Why would we flirt with a situation (if we accidentally load two of these) that we otherwise would work to avoid?
- This would cause problems if a naive editor tried to import statically within a method running after our importlib magic. I do see such static imports in our code from time to time.
But I feel like there's an even clearer bug case I'm not yet able to articulate.
- It just generally adds complexity hence cost to maintenance.
- Cognitive load matters. "Simple is better than complex" (Tim Peters, "Zen of Python").
- This import mechanism adds complexity without much compensating gain versus conventional imports and a factory. (I elided it in my toy example, but the import code is actually spread over 3-4 functions.)
The supposed gain is not having to do 40 static imports if we have 40 countries, I suppose, but there are more intuitive ways around that.
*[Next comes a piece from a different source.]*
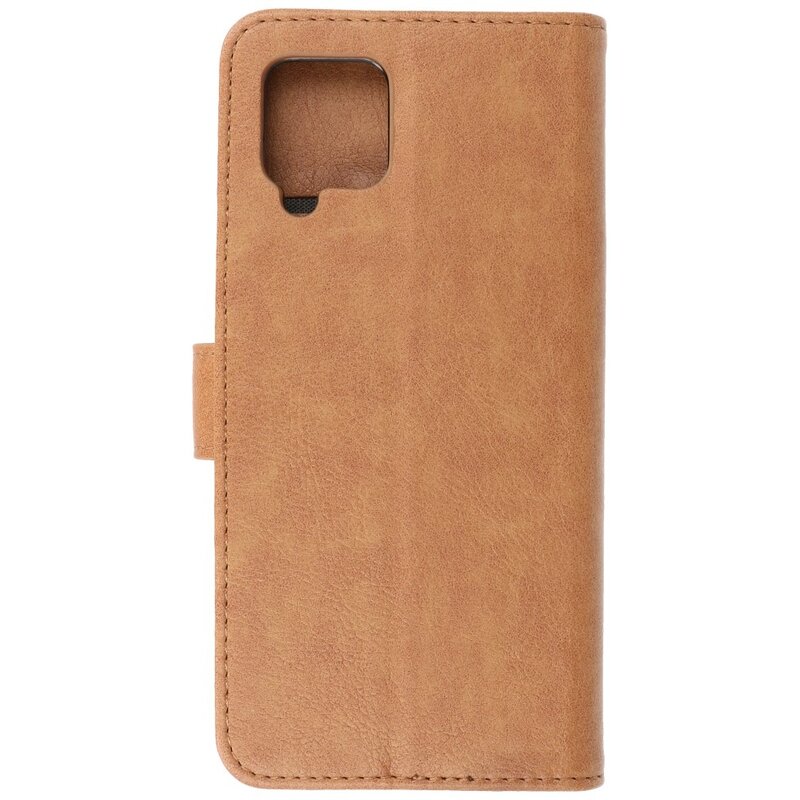 Custodia a portafoglio Bookstyle per Samsung Galaxy A42 5G marrone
- This code could not support loading multiple countries in the same Python process. Supposedly right now that won't happen. But who's to say it couldn't down the road?
Good software design doesn't try to predict the future, but stays flexible as long as possible.
In real life, I'd argue this approach reflects programming effort that could have been deployed to more durable solution. That opportunity cost may not matter now that
the work is done. (For context, this code is proposed to replace some code that does use a factory and static imports, so the net effect IMO was to introduce an anti-pattern to
a working mechanism.)
Proposed alternative
So how would I have handled this? If the number of imports is moderate (say, up to 40 or 50 ), I would just do static imports of all the child classes, with a simple factory class (or even just function).
The factory could maintain a lookup table, or (better) it could infer the class name. Converting snake case to camel case is almost trivial.
If the number is larger, I still see no reason not to load all the classes. Just iterate once through the list of subdirs, convert them to camel case, and import them simply after
converting to camel case for the class name.
The memory footprint of extra imports in Python is so trivial, that I see little downside to superfluous imports in the usual Python style. If for some reason
we wanted to import more judiciously, we could keep the selective import in a factory class, but still distinguishing the names of different classes. Once again, it's
almost trivial to construct names as long as we follow the pattern.